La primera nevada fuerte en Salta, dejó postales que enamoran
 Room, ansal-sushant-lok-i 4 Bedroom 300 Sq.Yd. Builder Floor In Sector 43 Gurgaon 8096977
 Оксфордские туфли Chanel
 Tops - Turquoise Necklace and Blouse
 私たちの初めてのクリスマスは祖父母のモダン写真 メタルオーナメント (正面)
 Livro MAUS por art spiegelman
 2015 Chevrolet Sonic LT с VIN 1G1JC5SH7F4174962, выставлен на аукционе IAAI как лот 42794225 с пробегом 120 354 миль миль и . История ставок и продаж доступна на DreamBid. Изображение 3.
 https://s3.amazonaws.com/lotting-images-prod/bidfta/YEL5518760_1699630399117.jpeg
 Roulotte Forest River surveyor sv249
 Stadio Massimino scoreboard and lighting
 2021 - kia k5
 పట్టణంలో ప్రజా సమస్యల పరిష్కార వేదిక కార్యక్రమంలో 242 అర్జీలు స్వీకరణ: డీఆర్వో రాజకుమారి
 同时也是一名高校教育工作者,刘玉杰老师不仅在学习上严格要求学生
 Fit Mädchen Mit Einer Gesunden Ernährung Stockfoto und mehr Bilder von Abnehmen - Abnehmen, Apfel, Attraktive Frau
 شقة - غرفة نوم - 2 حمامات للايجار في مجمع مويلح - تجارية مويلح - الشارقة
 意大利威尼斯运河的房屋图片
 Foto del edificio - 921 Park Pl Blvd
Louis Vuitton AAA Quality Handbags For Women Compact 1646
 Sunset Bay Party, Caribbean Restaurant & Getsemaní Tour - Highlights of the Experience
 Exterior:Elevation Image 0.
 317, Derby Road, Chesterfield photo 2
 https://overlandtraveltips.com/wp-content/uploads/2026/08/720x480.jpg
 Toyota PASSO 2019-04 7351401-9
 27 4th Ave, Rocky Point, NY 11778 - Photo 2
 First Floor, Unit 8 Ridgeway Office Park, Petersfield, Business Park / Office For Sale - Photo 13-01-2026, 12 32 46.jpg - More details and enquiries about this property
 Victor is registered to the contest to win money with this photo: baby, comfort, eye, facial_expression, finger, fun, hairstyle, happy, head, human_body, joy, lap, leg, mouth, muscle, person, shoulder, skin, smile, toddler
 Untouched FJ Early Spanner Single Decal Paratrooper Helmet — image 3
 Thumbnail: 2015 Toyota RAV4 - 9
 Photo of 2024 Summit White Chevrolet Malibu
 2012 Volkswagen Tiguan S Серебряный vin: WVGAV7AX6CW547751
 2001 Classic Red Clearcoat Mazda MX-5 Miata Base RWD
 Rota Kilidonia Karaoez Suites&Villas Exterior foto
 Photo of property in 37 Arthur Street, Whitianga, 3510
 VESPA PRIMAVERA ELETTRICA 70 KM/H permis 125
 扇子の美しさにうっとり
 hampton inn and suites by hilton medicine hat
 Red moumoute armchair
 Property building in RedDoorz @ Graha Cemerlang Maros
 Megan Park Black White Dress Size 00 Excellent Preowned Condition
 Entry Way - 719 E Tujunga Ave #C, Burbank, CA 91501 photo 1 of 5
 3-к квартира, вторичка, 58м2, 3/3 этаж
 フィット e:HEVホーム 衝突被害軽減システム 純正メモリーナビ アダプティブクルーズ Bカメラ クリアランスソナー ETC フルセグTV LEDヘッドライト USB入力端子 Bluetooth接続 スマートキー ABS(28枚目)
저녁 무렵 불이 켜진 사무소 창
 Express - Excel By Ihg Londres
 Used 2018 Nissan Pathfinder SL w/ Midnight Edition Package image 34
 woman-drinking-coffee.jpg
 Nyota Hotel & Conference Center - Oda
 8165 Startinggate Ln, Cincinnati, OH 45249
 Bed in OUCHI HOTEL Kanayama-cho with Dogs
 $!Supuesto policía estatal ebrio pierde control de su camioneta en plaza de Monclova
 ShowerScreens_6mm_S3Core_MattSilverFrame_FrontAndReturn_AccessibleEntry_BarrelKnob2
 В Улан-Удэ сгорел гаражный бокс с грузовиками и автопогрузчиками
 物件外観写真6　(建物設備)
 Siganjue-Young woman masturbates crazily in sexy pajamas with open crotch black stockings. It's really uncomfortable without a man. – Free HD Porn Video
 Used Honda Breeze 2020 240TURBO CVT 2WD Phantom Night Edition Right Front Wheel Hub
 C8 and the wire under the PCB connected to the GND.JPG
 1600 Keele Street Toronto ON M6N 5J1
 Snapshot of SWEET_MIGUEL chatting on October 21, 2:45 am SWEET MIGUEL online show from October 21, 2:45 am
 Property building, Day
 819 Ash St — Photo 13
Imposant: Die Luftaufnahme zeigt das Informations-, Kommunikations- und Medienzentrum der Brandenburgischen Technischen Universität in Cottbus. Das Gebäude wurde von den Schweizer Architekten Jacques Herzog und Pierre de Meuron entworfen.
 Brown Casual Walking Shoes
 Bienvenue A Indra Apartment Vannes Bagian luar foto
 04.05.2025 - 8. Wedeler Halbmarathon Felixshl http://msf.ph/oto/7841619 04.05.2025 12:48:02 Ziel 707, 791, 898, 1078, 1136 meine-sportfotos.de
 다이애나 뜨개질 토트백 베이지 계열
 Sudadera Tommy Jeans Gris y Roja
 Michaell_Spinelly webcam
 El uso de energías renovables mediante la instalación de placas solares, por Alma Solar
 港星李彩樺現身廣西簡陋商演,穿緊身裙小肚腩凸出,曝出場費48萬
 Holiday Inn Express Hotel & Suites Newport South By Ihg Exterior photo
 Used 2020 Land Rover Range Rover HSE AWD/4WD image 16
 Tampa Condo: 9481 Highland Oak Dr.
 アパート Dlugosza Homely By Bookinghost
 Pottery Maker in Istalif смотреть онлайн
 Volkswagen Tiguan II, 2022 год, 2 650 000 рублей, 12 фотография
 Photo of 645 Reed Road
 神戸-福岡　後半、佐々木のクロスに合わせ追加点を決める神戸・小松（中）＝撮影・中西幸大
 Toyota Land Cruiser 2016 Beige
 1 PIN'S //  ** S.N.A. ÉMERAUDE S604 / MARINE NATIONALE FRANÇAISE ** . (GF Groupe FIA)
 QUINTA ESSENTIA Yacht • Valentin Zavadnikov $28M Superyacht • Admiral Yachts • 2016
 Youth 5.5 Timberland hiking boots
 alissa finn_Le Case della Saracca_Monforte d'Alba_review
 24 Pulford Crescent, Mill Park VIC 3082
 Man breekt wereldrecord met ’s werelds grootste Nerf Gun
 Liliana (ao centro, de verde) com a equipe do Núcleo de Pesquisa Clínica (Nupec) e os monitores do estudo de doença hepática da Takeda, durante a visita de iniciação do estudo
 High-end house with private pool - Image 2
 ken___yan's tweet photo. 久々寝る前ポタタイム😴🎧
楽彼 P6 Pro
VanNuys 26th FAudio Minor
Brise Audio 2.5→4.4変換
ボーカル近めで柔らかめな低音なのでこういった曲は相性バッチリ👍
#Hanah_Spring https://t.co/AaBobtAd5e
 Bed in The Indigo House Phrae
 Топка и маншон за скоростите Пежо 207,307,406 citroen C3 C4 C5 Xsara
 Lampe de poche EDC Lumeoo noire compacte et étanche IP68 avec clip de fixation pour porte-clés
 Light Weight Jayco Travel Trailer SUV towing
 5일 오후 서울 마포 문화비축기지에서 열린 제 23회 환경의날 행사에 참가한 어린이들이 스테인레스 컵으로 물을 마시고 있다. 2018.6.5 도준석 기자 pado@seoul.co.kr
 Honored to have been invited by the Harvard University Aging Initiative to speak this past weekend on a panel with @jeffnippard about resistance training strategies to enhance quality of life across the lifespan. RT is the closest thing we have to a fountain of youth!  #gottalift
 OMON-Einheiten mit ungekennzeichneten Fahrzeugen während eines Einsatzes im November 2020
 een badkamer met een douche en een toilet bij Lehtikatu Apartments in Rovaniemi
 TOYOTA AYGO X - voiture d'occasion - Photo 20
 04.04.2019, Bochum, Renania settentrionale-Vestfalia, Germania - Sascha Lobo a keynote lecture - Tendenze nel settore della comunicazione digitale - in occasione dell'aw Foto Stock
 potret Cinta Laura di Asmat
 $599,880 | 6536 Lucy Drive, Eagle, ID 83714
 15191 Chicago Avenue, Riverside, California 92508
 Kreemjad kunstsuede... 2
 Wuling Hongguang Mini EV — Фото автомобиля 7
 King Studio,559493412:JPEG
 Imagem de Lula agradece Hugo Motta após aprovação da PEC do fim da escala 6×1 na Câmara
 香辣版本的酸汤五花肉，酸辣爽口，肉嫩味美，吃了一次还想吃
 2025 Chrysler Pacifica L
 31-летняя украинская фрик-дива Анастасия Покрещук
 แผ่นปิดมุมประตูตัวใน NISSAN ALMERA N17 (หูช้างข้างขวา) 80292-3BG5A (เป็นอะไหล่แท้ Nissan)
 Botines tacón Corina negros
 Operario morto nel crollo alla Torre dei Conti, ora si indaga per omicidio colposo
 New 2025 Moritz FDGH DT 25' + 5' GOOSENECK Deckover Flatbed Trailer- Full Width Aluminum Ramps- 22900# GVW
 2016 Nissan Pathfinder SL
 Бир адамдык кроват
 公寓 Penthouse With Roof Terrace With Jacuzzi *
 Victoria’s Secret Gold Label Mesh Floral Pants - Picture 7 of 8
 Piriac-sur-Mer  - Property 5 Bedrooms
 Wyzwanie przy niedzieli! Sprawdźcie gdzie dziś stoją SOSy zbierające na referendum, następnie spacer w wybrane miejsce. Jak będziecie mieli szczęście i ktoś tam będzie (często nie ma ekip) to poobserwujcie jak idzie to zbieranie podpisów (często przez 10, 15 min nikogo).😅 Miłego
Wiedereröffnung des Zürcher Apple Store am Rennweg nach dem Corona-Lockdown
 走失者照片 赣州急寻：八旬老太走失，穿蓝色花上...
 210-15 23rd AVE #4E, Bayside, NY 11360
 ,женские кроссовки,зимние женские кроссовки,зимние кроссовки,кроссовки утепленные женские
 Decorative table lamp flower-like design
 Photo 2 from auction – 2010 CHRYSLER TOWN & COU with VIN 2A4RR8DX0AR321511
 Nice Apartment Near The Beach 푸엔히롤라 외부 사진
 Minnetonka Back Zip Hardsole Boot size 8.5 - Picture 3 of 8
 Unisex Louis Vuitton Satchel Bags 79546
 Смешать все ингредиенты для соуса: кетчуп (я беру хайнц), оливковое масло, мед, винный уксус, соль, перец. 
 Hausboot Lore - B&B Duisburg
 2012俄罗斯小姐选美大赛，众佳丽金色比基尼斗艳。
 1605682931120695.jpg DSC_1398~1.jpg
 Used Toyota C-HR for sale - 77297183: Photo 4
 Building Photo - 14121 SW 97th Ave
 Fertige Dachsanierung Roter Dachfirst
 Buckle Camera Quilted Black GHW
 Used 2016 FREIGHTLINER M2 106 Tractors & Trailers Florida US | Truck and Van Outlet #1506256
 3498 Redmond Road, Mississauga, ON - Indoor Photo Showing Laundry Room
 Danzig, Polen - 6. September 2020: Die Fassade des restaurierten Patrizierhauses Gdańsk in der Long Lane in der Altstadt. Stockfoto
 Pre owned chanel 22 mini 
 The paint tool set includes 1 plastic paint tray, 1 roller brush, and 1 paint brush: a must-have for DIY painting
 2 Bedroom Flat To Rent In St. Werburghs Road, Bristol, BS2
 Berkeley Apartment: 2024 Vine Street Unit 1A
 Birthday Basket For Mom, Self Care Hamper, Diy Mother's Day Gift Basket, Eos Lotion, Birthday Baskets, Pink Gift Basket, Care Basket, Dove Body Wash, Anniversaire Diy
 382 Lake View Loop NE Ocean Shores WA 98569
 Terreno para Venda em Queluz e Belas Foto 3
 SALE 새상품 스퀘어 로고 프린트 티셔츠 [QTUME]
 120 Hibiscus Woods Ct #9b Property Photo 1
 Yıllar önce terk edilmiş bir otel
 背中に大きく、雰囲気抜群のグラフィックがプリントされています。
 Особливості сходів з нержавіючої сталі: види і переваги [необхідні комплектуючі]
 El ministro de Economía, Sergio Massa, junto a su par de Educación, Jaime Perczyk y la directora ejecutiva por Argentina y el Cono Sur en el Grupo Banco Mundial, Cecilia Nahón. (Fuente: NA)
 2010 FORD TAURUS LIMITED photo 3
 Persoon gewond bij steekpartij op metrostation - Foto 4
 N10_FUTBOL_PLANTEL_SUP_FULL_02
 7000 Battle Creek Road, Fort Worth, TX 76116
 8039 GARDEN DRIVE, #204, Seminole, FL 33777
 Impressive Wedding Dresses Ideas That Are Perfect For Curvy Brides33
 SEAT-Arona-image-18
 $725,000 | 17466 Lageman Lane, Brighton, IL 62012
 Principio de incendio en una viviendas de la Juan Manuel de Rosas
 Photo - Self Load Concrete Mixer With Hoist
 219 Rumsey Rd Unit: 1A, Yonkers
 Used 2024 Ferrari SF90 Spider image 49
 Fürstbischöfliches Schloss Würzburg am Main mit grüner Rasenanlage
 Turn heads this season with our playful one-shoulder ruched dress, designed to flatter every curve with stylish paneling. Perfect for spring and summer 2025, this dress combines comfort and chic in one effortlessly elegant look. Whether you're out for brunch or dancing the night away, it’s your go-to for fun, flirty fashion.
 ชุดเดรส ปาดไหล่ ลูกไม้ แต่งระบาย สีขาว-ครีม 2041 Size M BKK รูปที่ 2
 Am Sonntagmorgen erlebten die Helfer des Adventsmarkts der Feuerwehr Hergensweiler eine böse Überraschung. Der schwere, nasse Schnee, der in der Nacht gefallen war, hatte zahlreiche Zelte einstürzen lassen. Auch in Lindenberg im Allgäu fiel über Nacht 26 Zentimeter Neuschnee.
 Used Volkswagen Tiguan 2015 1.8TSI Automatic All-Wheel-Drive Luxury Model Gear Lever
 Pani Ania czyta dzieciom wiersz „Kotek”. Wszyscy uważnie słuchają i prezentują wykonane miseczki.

What is needed:
Retype the records above, but only those lines that fall between the line containing "Operario morto nel" and the line containing "Property 5 Bedrooms", with both of those lines included, exactly as written.

Reply to the exercise:
 Operario morto nel crollo alla Torre dei Conti, ora si indaga per omicidio colposo
 New 2025 Moritz FDGH DT 25' + 5' GOOSENECK Deckover Flatbed Trailer- Full Width Aluminum Ramps- 22900# GVW
 2016 Nissan Pathfinder SL
 Бир адамдык кроват
 公寓 Penthouse With Roof Terrace With Jacuzzi *
 Victoria’s Secret Gold Label Mesh Floral Pants - Picture 7 of 8
 Piriac-sur-Mer  - Property 5 Bedrooms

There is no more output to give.